Monday, April 9, 2018

Pope Shows the Way to Modernity in "Call to Holiness"

Pope Francis published a remarkable document today, called the "Gaudete et exsultate", an exhortation to holiness. He says its goal is to "repropose the call to holiness in a practical way for our own time". The philosophy of the document is bold and modern.
Pope Francis, Call to Holiness

 Each of its 177 numbered paragraphs, in five named chapters, contains an expression of wisdom and a practical view on what it is to live a holy life. It is very much worth reading and meditating upon, whatever your faith.

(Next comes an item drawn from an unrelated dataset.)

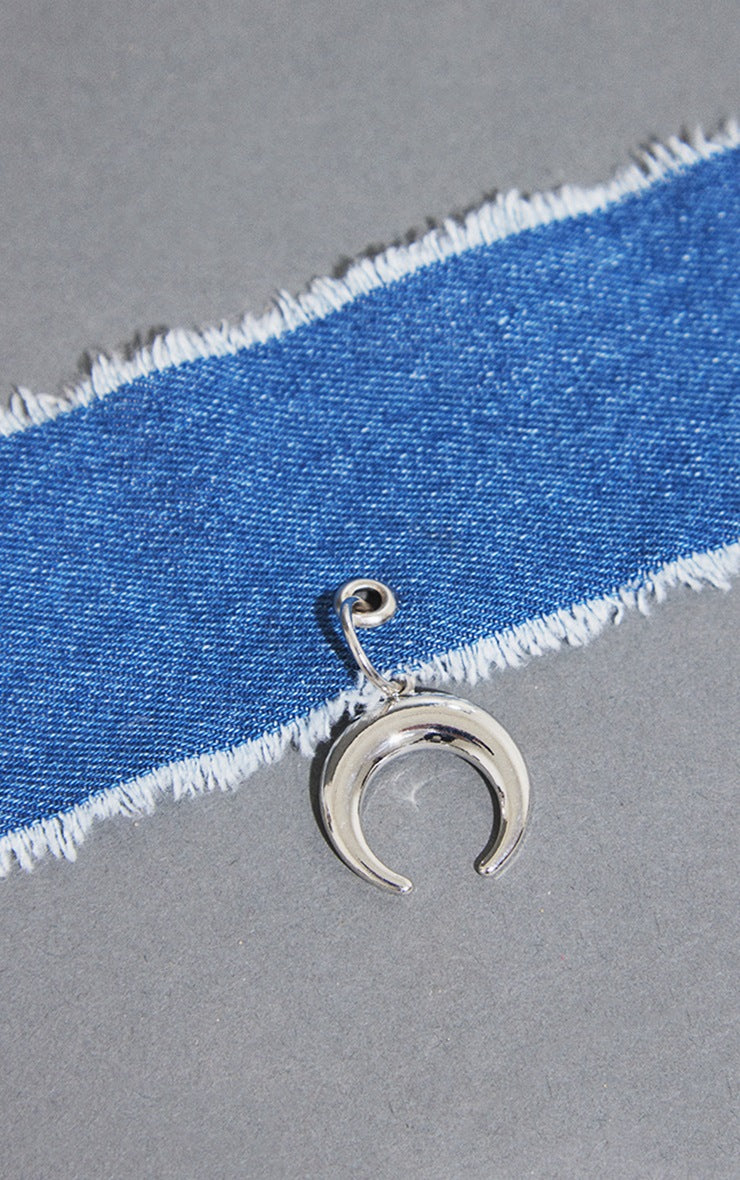 CIRCULAR HORN DENIM CHOKER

The document resonates on many levels. It calls for acting with "Joy and a Sense of Humor", for "Going Against the Flow", and importantly, emphasizes that charity is the highest virtue. A summary in the New York Times highlights the teaching, found in paragraph 101, that caring for the poor and immigrant are as holy as the opposition to abortion:

...Our defence of the innocent unborn, for example, needs to be clear, firm and passionate, for at stake is the dignity of a human life, which is always sacred and demands love for each person, regardless of his or her stage of development. Equally sacred, however, are the lives of the poor, those already born, the destitute, the abandoned and the underprivileged, the vulnerable infirm and elderly exposed to covert euthanasia, the victims of human trafficking, new forms of slavery, and every form of rejection.[84] We cannot uphold an ideal of holiness that would ignore injustice in a world where some revel, spend with abandon and live only for the latest consumer goods, even as others look on from afar, living their entire lives in abject poverty.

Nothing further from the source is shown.